- [REQUIRED ACTION]:
The answer must consist solely of the lines from the one with "Řídící jednotka 9634281380, 9634281380" through the last line of the data, copied exactly, with no pictures.

- [DATA]:
------

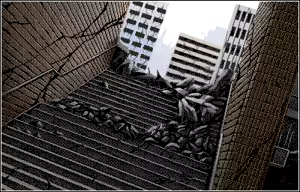 Page 52 of Mujintou Monogatari 3: A.D. 1999 Tokyo - preview thumbnail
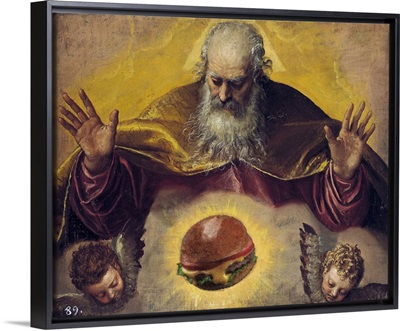 Modern Classic - Angelic Burger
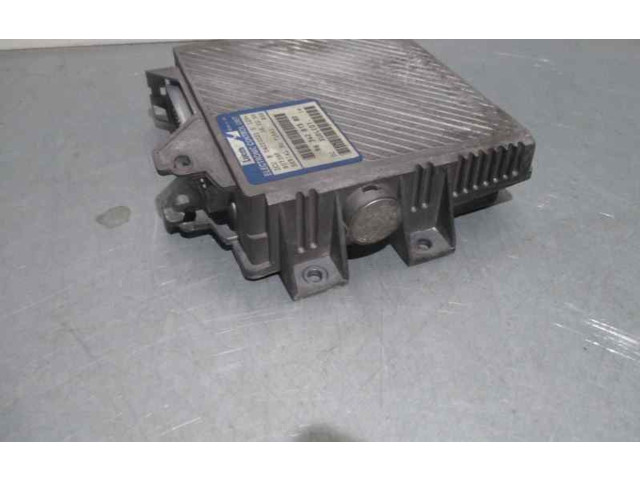 Řídící jednotka 9634281380, 9634281380 Peugeot 806 1999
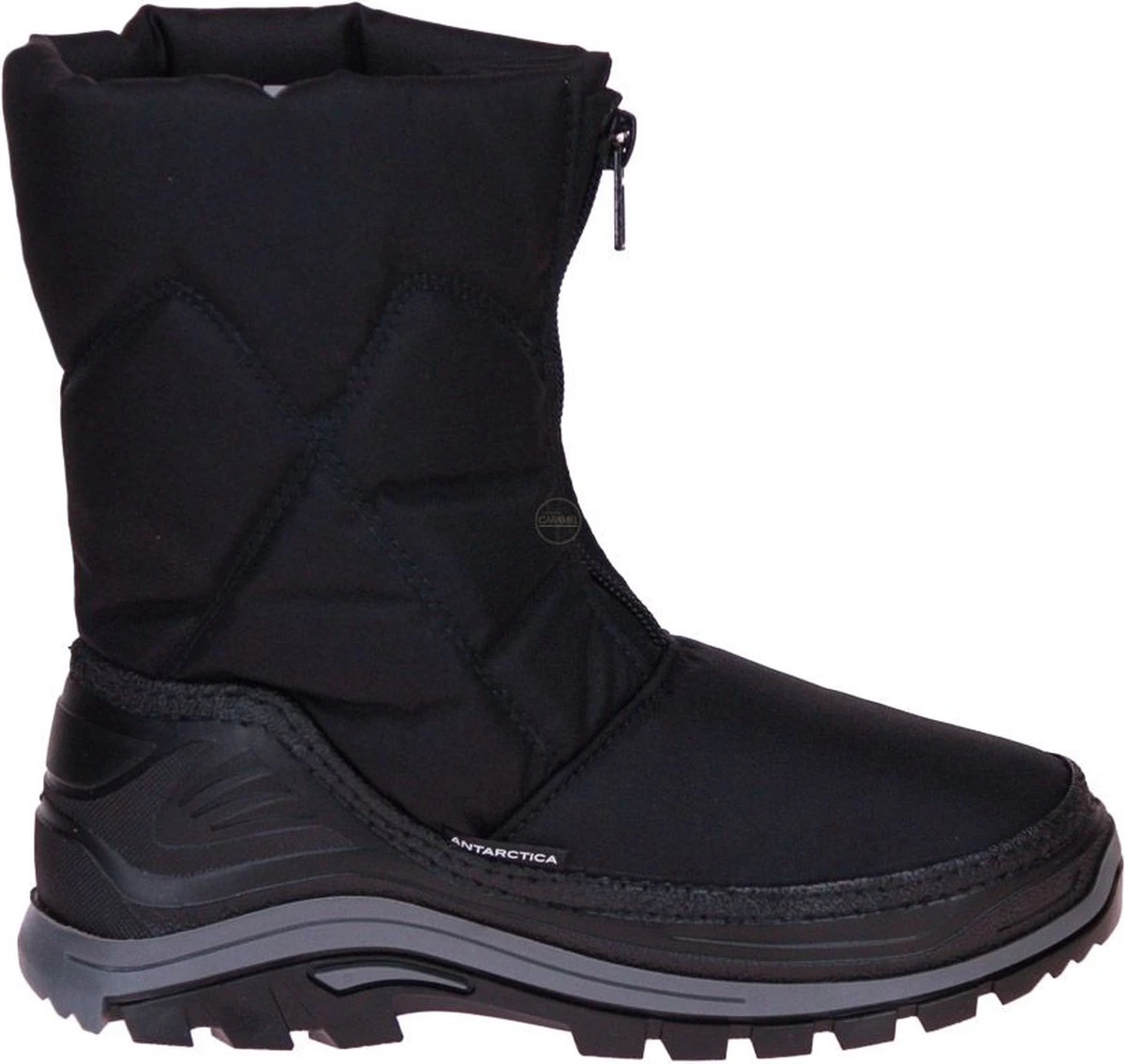 Antarctica - Snowboots Met Ritssluiting Voor Kinderen - AN 2201 - Zwart - Maat 38EU 11 Antarctica - Snowboots Met Ritssluiting Voor Kinderen - AN 2201 - Zwart - Maat 38EU - Afbeelding 9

------

- [ANSWER]:
 Řídící jednotka 9634281380, 9634281380 Peugeot 806 1999
 Antarctica - Snowboots Met Ritssluiting Voor Kinderen - AN 2201 - Zwart - Maat 38EU 11 Antarctica - Snowboots Met Ritssluiting Voor Kinderen - AN 2201 - Zwart - Maat 38EU - Afbeelding 9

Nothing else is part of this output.